Back in history: New sources sought – Unions try to ‘rule’ Fiji

Morris Hedstrom in Suva. Picture: FIJIAN HISTORY

Businessmen in Fiji were looking for new sources of supplies, outside of New Zealand and Australia, an article in The Fiji Times on July 15, 1977 read.

The Federation of Chambers of Commerce of Fiji said importers in Fiji were looking to Japan, Germany and the United States and other countries where labour unions did not “attempt to rule their countries”.

The federation represented business interests from Labasa, Suva, Sigatoka, Nadi, Lautoka, and Ba.

A vice president of the federation, Jantilal Patel, said arrangements for shipping new supplies from countries other than Australia and New Zealand would have to be made with the shipping companies.

The secretary for commerce, industry and co-operatives, GM Singh, said the chambers of commerce were discussing both an immediate solution to the problem posed by the dock strike, and a long-term solution to the whole problem of dependency on supplies from Australia and New Zealand.

Major importers in Fiji said they may have to start air freighting goods soon.
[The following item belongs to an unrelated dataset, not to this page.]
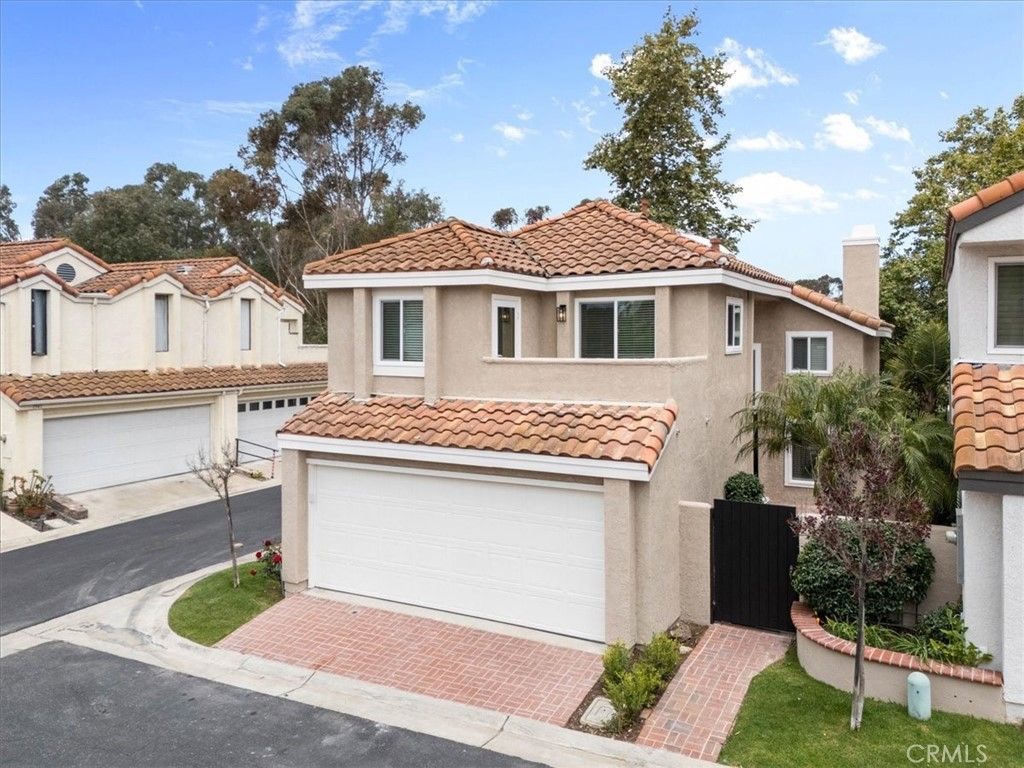 1945 Sundance, Costa Mesa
The managing director of Lami Shopping Centre Ltd, Abdul Rahiman, said that most of his supplies came from New Zealand and Australia, but he did get garlic and tinned foods, from Taiwan, and onions from California.

He said he had well over $15,000 tied up in cargo aboard ships which were not off loaded at Suva port, including $5000 worth of evaporated milk.

His company was already air freighting potatoes, onions, and apples from New Zealand through their agent in Suva to alleviate the shortage.

Morris Hedstrom’s general manager John Cheshire said mutton and lamb were likely to be short supply within the next few days.

A spokesman for Fong Hoon Ltd said $14,000 worth of the company’s goods were in danger of being “dumped somewhere in the Pacific”.

He said some of his products had been taken to Apia and some had been returned to Sydney.

One ship load was still waiting at Suva Harbour to be unloaded, he said.

The shipping agency had asked the company to surrender its bill of landing and sign an undertaking that it would pay $90 a ton to get the goods back once the strike was over.

Some other goods were being air freighted.

Air Pacific reported there had been a slight increase in the freight it carried on its BAC111 jets from Auckland since the strike began.

But the airline was unable to offer much extra carrying capacity because if a flight had a full load of passengers, then baggage took up almost all the space.